━━━ PROVIDED ENTRIES

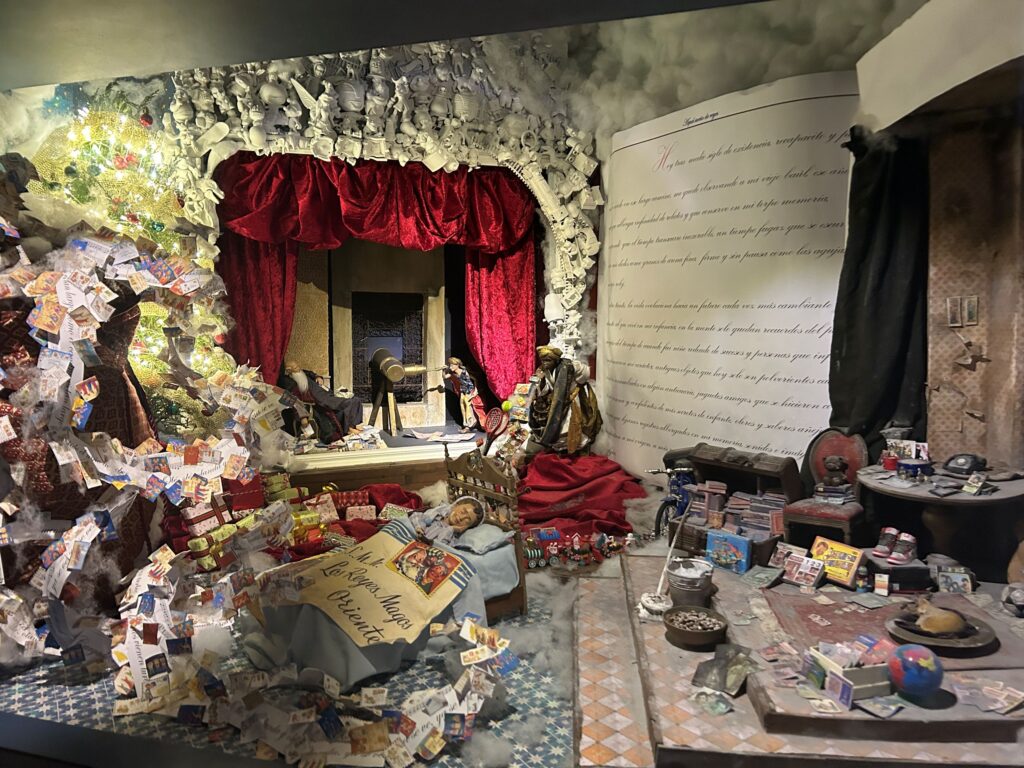 'Aquel sueño de reyes'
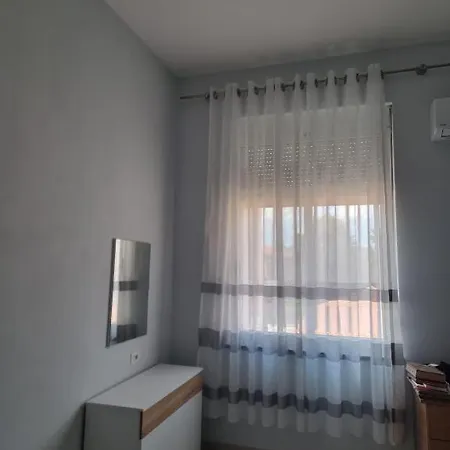 Appartamento Charming Terrace Tirana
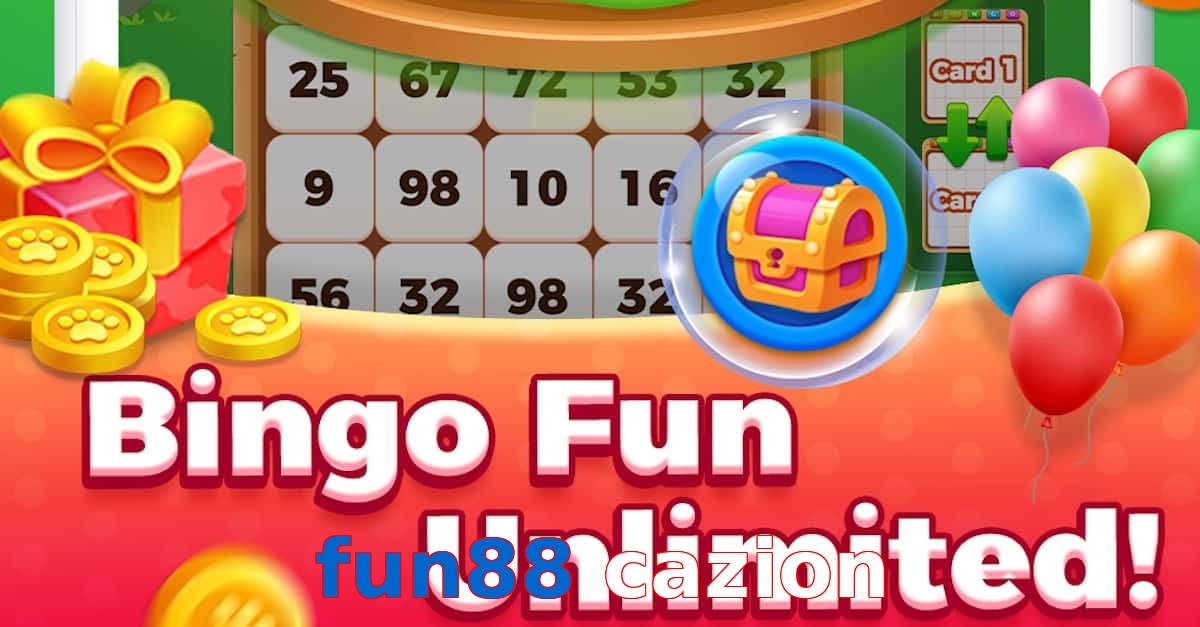 fun88 cazion
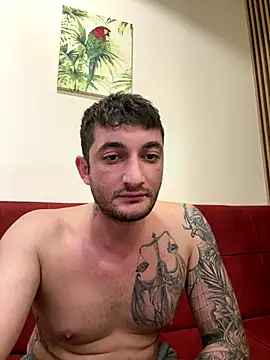 SARSILMAZ HOME online show from 20, 10, 2025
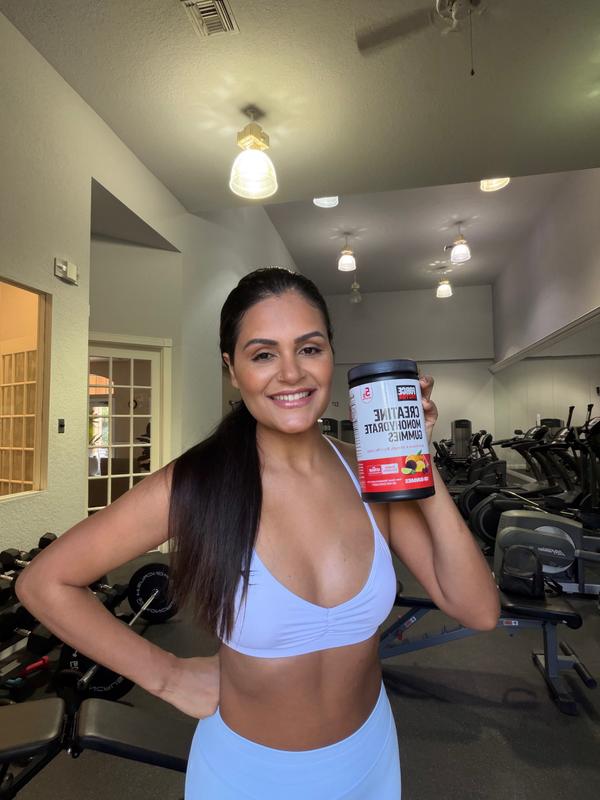 Creatine Gummies - Force Factor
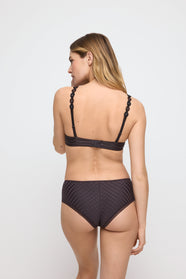Avero Sweet Chocolate Hotpants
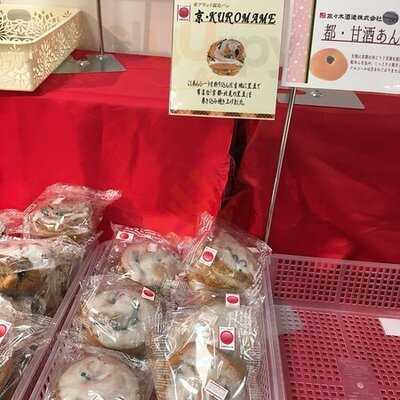 ムーラン洛西店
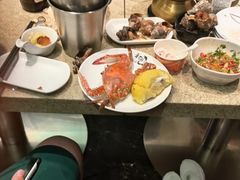 -初色海鲜自助(万丰路店)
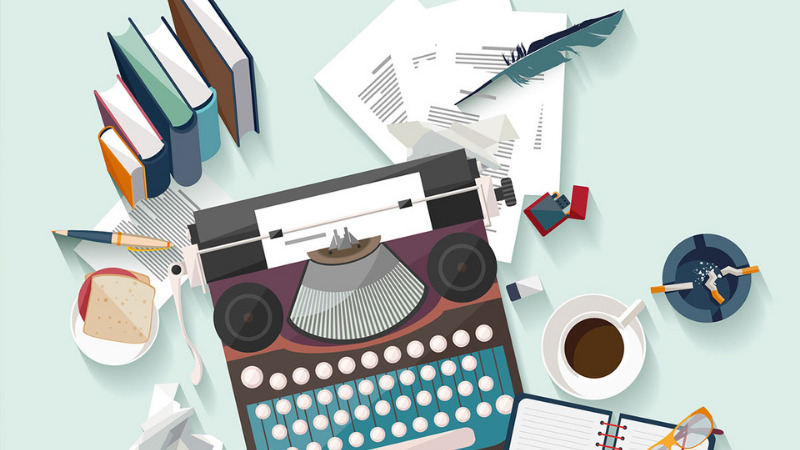 Khái niệm Copywriter là gì?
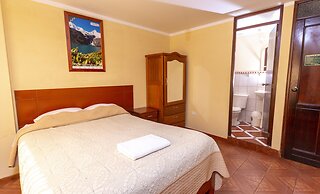 Hotel Tamia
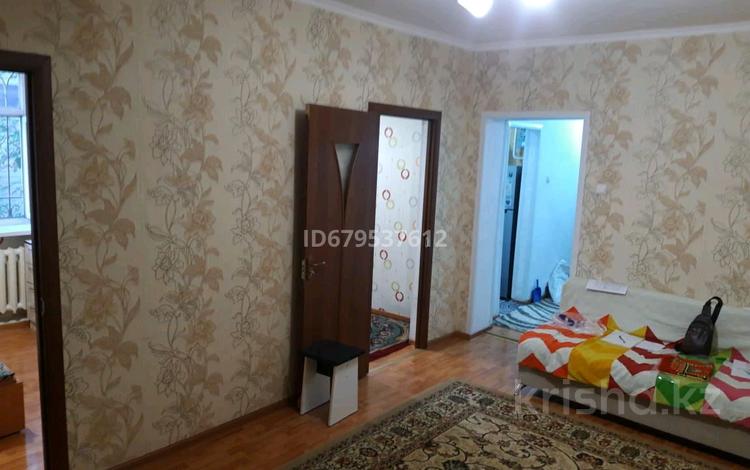 3-комнатная квартира · 60 м² · 1/4 этаж, Калдаякова 6 — Электрон на проспекте Республики за 35 млн ₸ в Шымкенте — фото 10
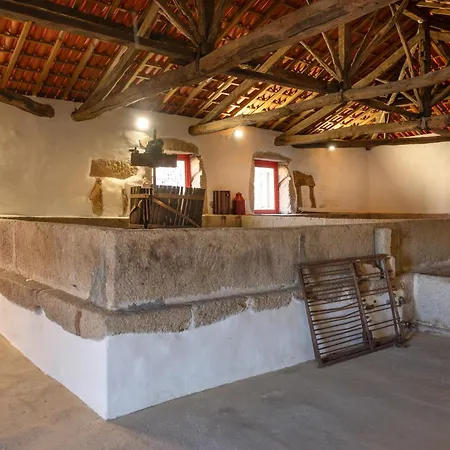 Lejlighed Casa Dr Ramiro Salgado - Douro Superior, Torre De Moncorvo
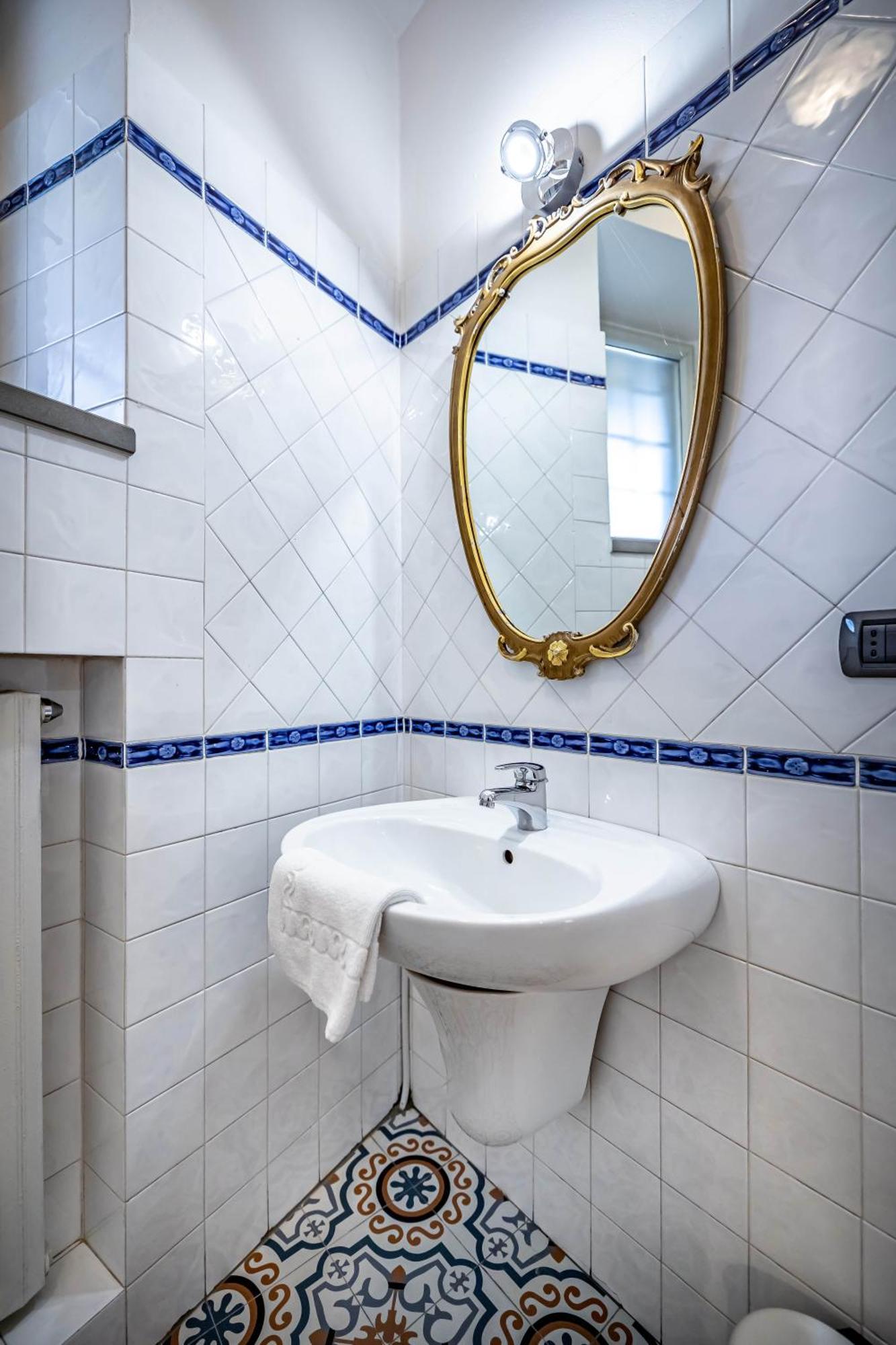 Apartament Yid Gramsci Florencja Zewnętrze zdjęcie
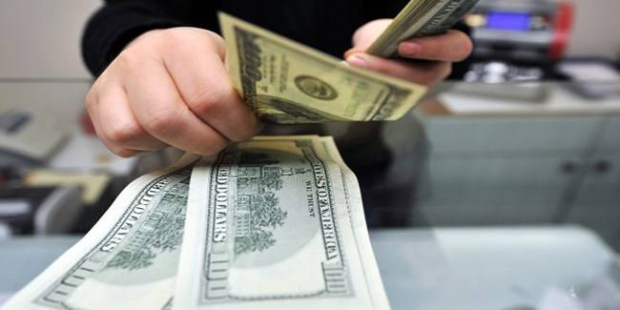 Türk Lirası'nın dolar karşısındaki 8 aylık kaybı yüzde 75'i geçti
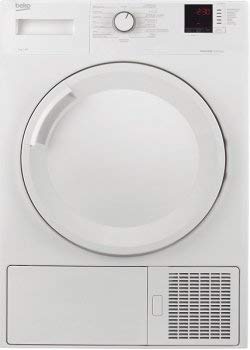 BEKO DF7330PX0 Secadora de bomba de calor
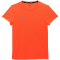 PUMA Finisher Trainingsshirt Damen 06 - neon sun XS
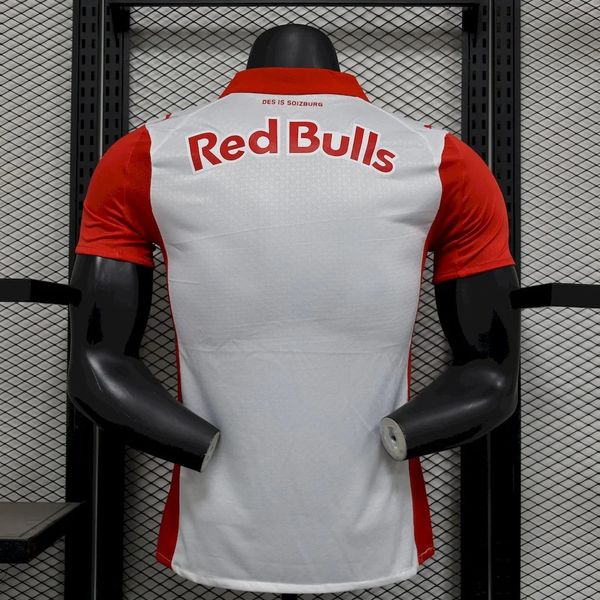 RB Leipzig 2025-2026 home player image 2
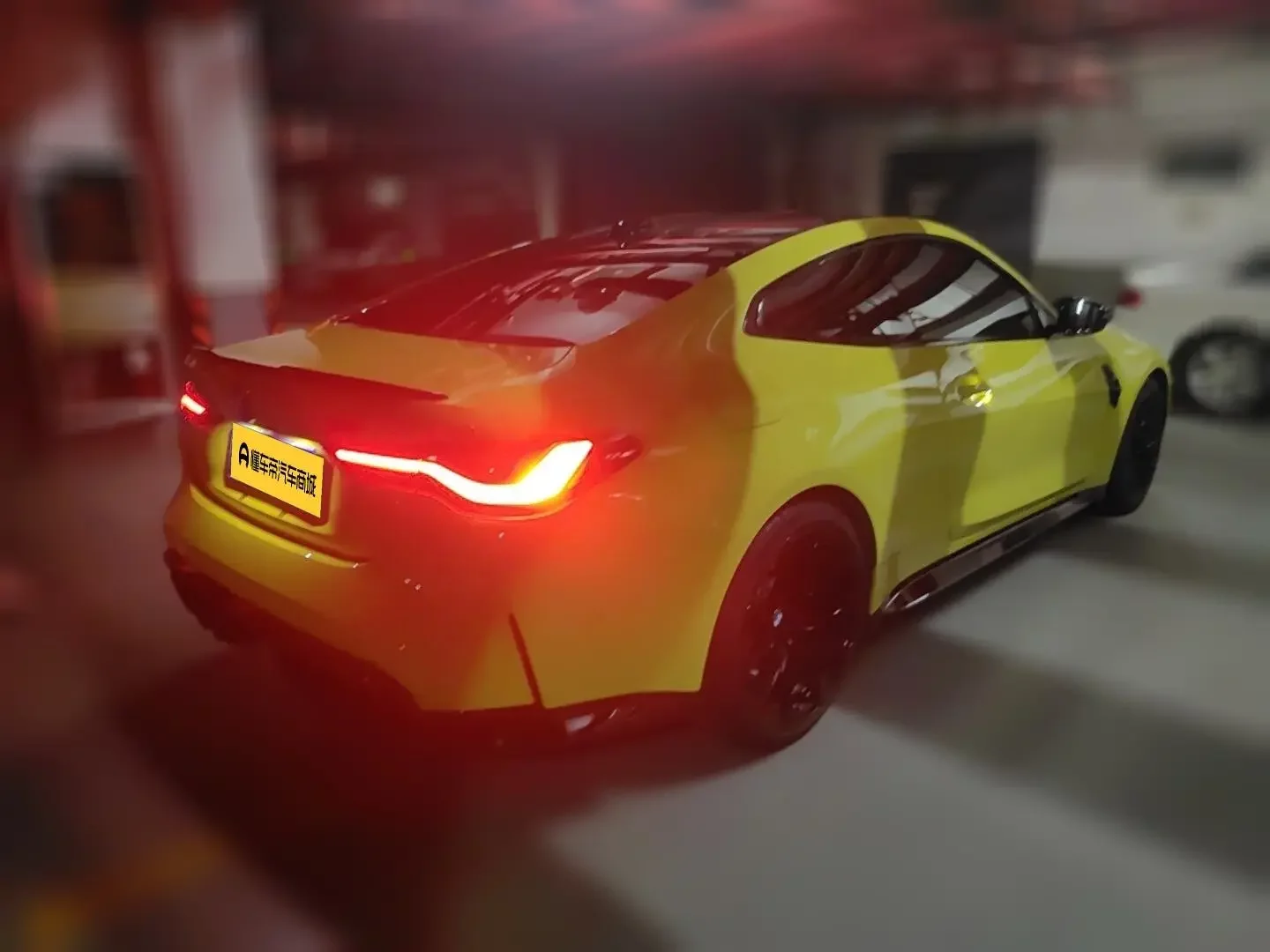 BMW M4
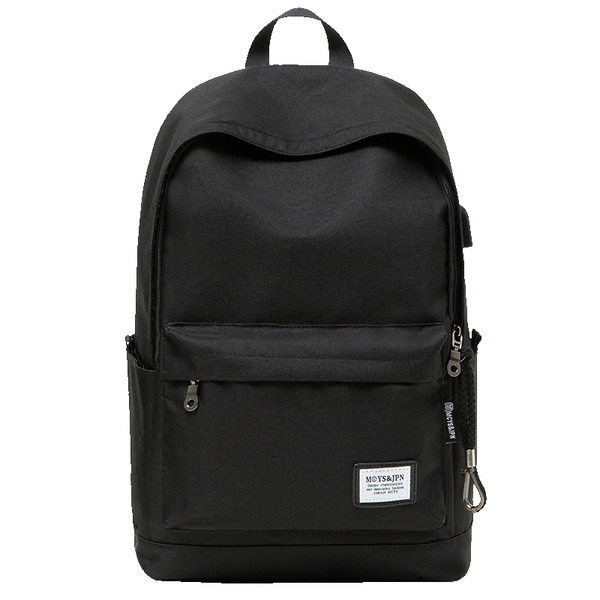 Спортно-ежедневна мъжка раница с джобове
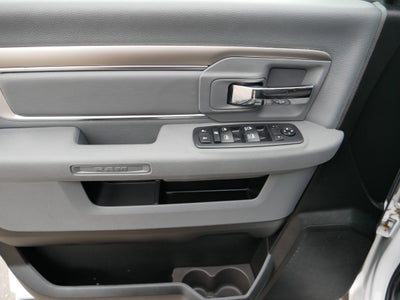 2020 RAM 1500 Classic Warlock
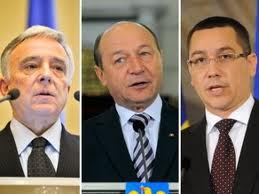 Băsescu: un nou acord cu FMI decis împreună cu Ponta și Isărescu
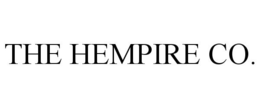 THE HEMPIRE CO. trademark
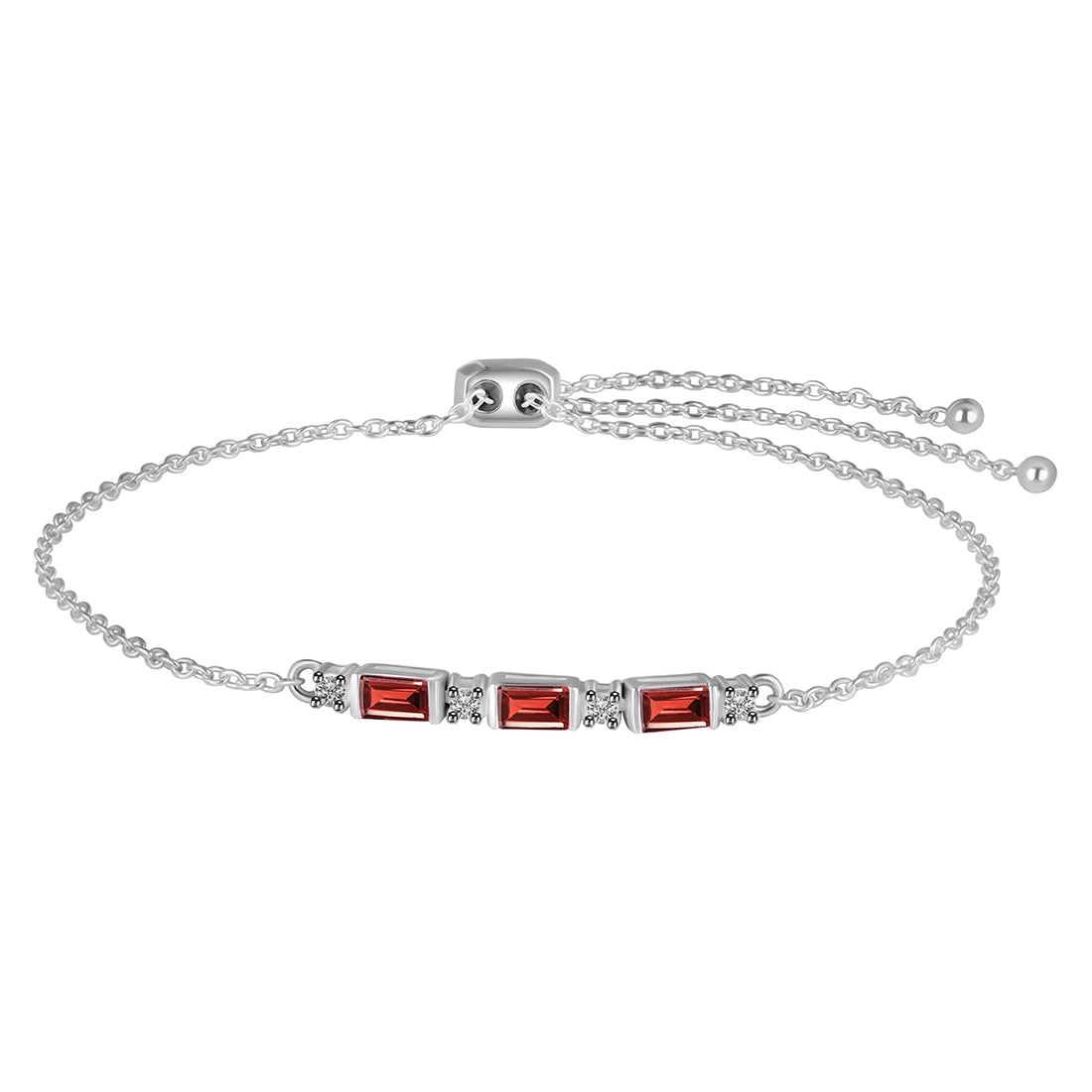 garnet-white-topaz-bracelet-gar-rdb-139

━━━━━━

▶ **TASK DIRECTIONS**
Your answer must be the exact lines from the one containing "Спортно-ежедневна мъжка раница с джобове" through the last line of the records above, with both included and no pictures.

▶ **SOLUTION TO THE PROBLEM**
 Спортно-ежедневна мъжка раница с джобове
 2020 RAM 1500 Classic Warlock
 Băsescu: un nou acord cu FMI decis împreună cu Ponta și Isărescu
 THE HEMPIRE CO. trademark
 garnet-white-topaz-bracelet-gar-rdb-139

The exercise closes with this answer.